**DIRECTIONS**
Write out only the lines from the line containing "Set of four" to the end of the listing below, both included, exactly as they stand. Drop the pictures.

**DATASET SECTION**
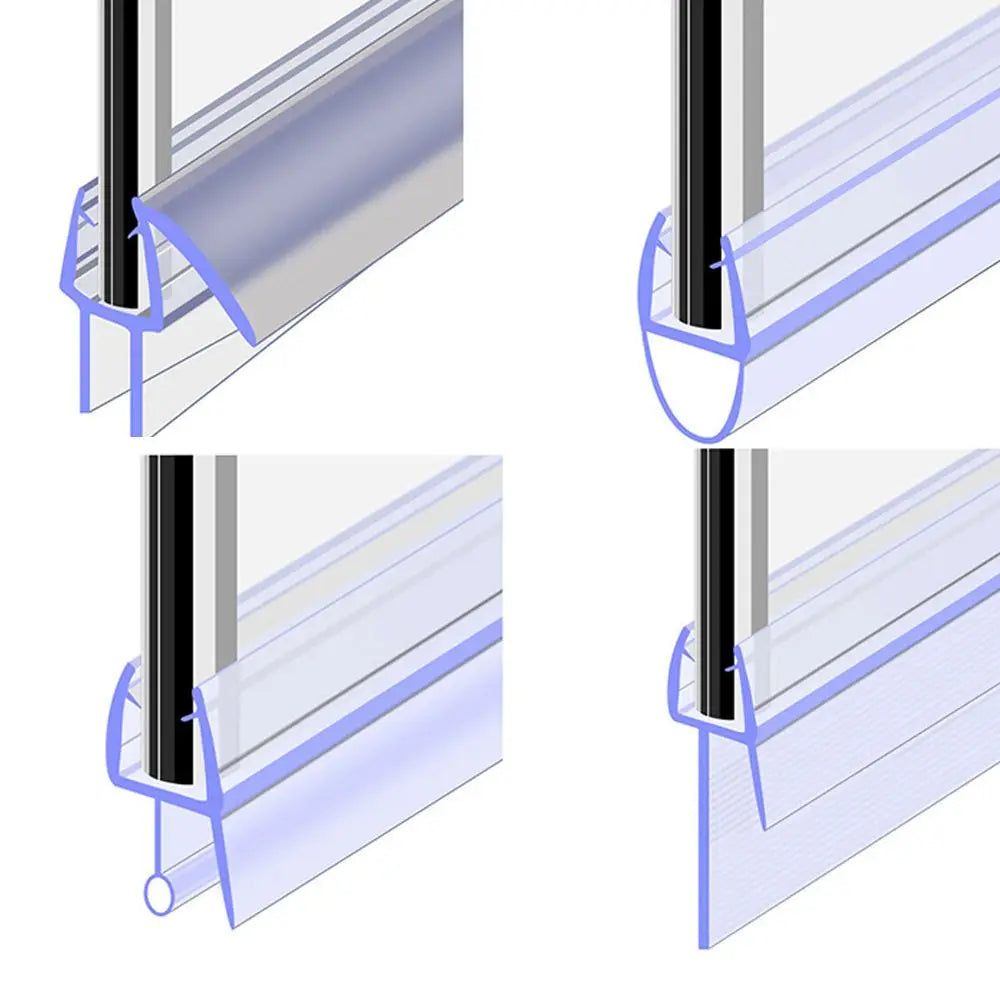 Shower Screen Door Seal Strip – PVC Water Baffle 4–12mm Door Seal Strip Axl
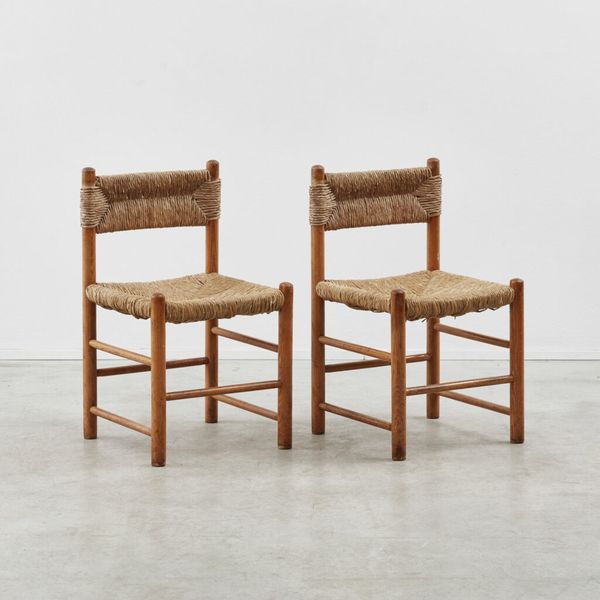 Set of four Rush Chairs In The Style Of Charlotte Perriand, France, 1950s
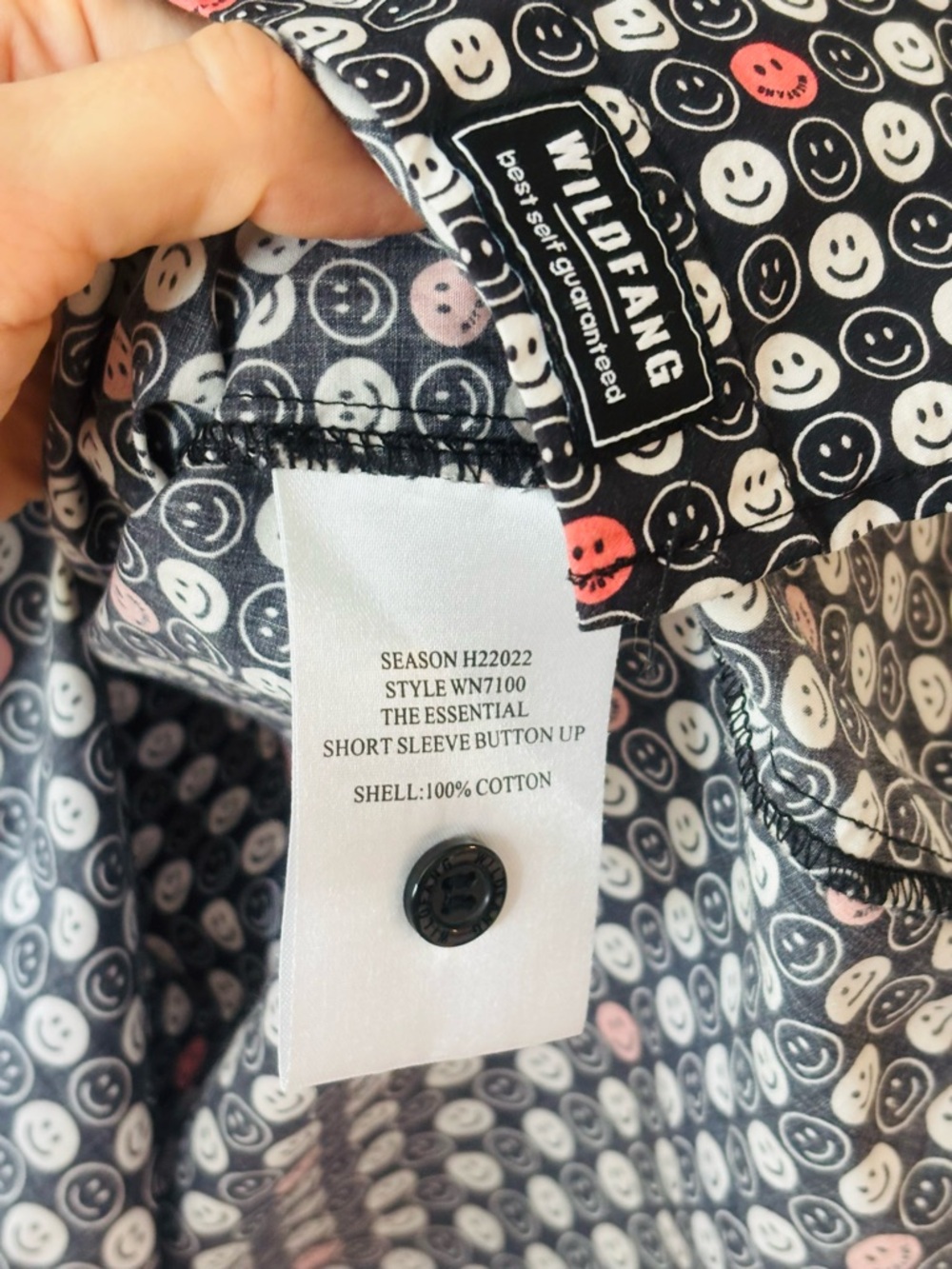 Smiley Polka Dot Short Sleeve Button Down - Picture 5 of 6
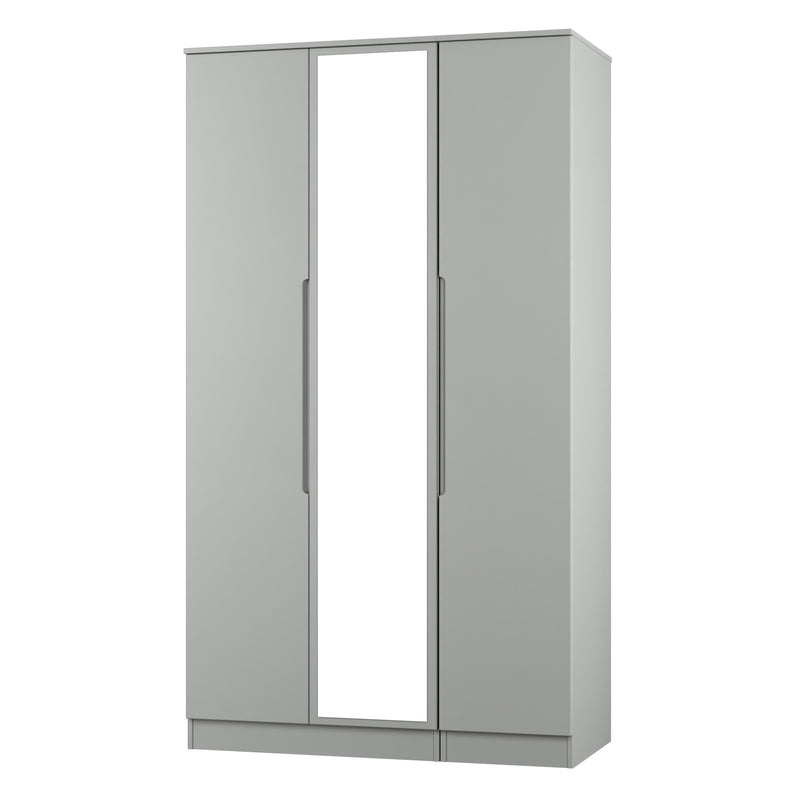 Milan Tall Triple Mirror Wardrobe in Dusk Grey - Ready Assembled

**EXERCISE ANSWER**
 Set of four Rush Chairs In The Style Of Charlotte Perriand, France, 1950s
 Smiley Polka Dot Short Sleeve Button Down - Picture 5 of 6
 Milan Tall Triple Mirror Wardrobe in Dusk Grey - Ready Assembled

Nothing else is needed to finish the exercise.